■ **Task to carry out**
The data below contains pictures, which are to be skipped; the lines starting at the line with "VTG RUSS BERRIE" and ending at the line with "Troyes - hyper centre - t5 meuble - photo 9" are to be output exactly, both ends included.

■ **Task data**
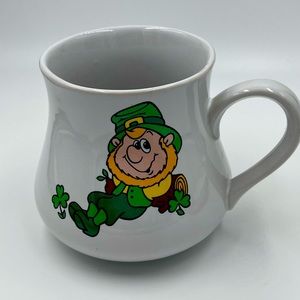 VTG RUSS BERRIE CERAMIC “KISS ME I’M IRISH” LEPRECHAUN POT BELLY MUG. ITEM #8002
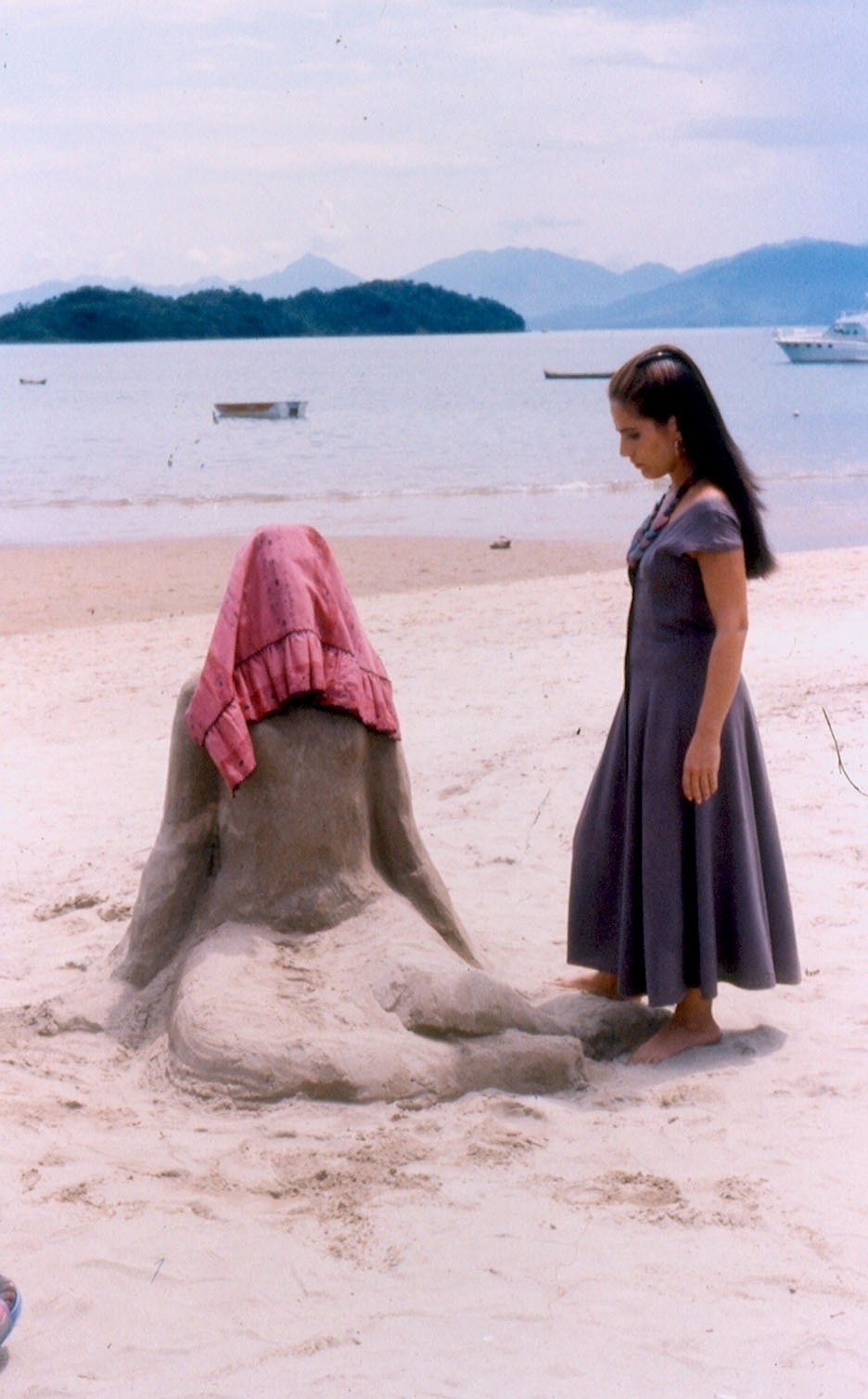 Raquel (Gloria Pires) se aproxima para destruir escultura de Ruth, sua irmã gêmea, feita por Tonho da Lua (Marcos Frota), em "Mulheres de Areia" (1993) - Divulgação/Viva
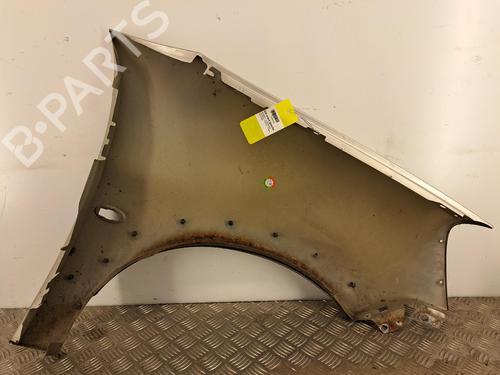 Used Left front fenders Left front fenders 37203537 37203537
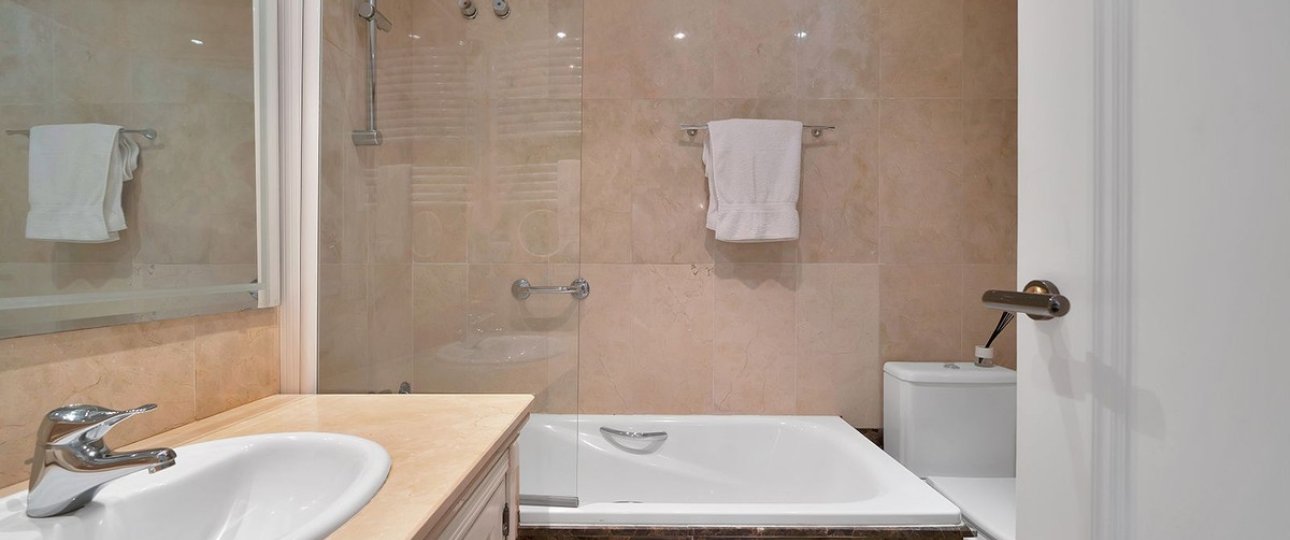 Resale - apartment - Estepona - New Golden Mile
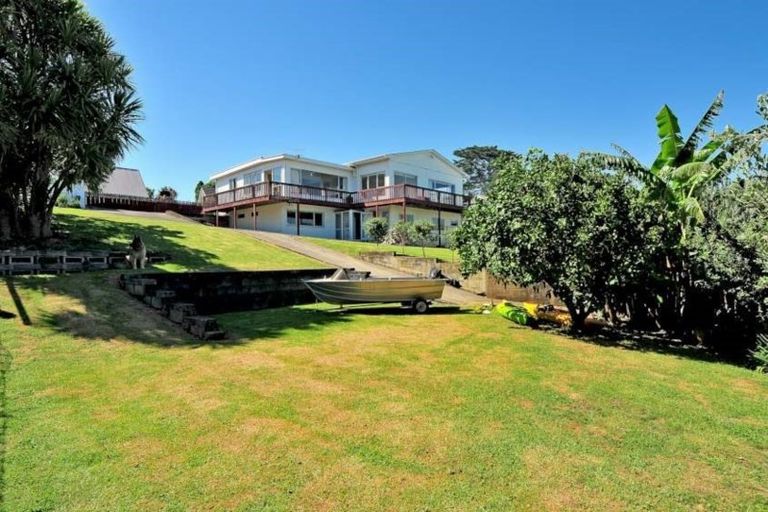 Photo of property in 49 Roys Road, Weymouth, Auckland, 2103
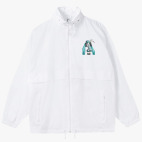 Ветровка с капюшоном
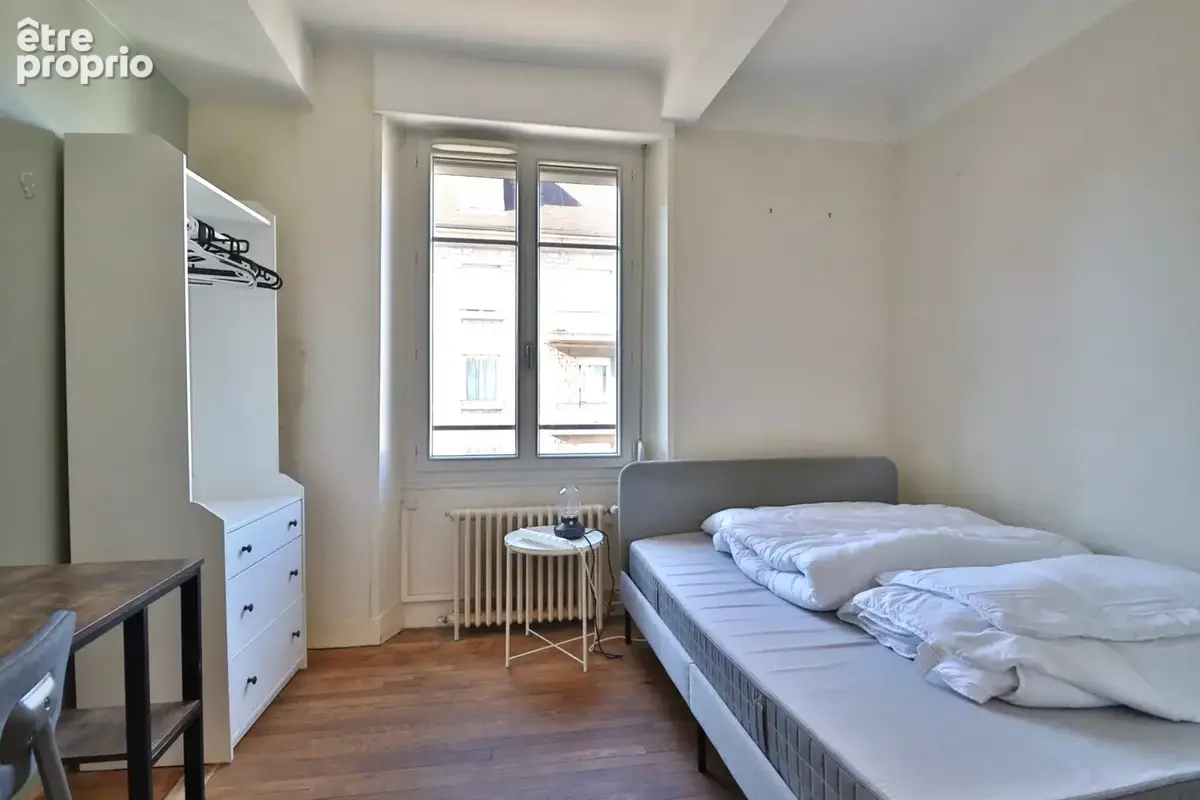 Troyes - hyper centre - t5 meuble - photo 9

--

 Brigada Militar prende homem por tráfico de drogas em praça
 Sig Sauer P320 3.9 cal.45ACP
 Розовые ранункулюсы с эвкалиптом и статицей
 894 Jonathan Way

■ **Response for this exercise**
 VTG RUSS BERRIE CERAMIC “KISS ME I’M IRISH” LEPRECHAUN POT BELLY MUG. ITEM #8002
 Raquel (Gloria Pires) se aproxima para destruir escultura de Ruth, sua irmã gêmea, feita por Tonho da Lua (Marcos Frota), em "Mulheres de Areia" (1993) - Divulgação/Viva
 Used Left front fenders Left front fenders 37203537 37203537
 Resale - apartment - Estepona - New Golden Mile
 Photo of property in 49 Roys Road, Weymouth, Auckland, 2103
 Ветровка с капюшоном
 Troyes - hyper centre - t5 meuble - photo 9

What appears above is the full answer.